Les films de Steven Soderbergh sont d’un contour incertain. Située quelque part entre la légèreté commerciale et le projet auteuriste, l’inspiration du cinéaste change au gré des sujets. Si un film apparaît comme le démenti formel du précédent, ce doit être mis sur le compte d’une humeur évolutive, de contraintes de production plus ou moins lourdes, plus ou moins engageantes : ce qui a pu être fait ici ne pouvait être fait là ; il semble que l’œuvre insaisissable de Soderbergh, ses limites indécises tiennent beaucoup de cet aléatoire de la création, de ses hauts et de ses bas obligés. Certains reconnaîtront dans ce rapport hasardeux avec les contraintes la définition même du « faiseur laborieux » qui réussit un film sur deux ou sur trois, par hasard, voire par son talent, jamais par son génie. Ce serait dire qu’il n’y a pas de place entre Orson Welles et Robert Wise. Or, il y a de la place. Celle d’un Soderbergh par exemple.

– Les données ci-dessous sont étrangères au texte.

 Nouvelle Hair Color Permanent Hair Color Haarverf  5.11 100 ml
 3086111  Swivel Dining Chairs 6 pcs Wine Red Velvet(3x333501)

A défaut d’avoir un style, reconnaissons que Soderbergh a du style. Certes, le lien n’est pas évident à faire entre L’Anglais, son précédent film, mécanique subtile où un fantasme cinéphilique se greffait sur une intrigue policière pour donner un objet étrange assez déroutant, et Erin Brockovich aux intentions plus grossières, mais d’où se dégagent un ton, un charme. Son statut d’auteur, Soderbergh l’affirme moins dans une récurrence de thèmes, un approfondissement de ses préoccupations que dans une manière faussement désinvolte d’aborder ses sujets, un tremblé constant pour saisir histoires et personnages, un manque d’assurance érigé en principe de mise en scène, comme si, ce qui l’intéressait, se jouait toujours dans le flottement entre l’apparente banalité des situations et les choix de cinéma adoptés pour en rendre compte.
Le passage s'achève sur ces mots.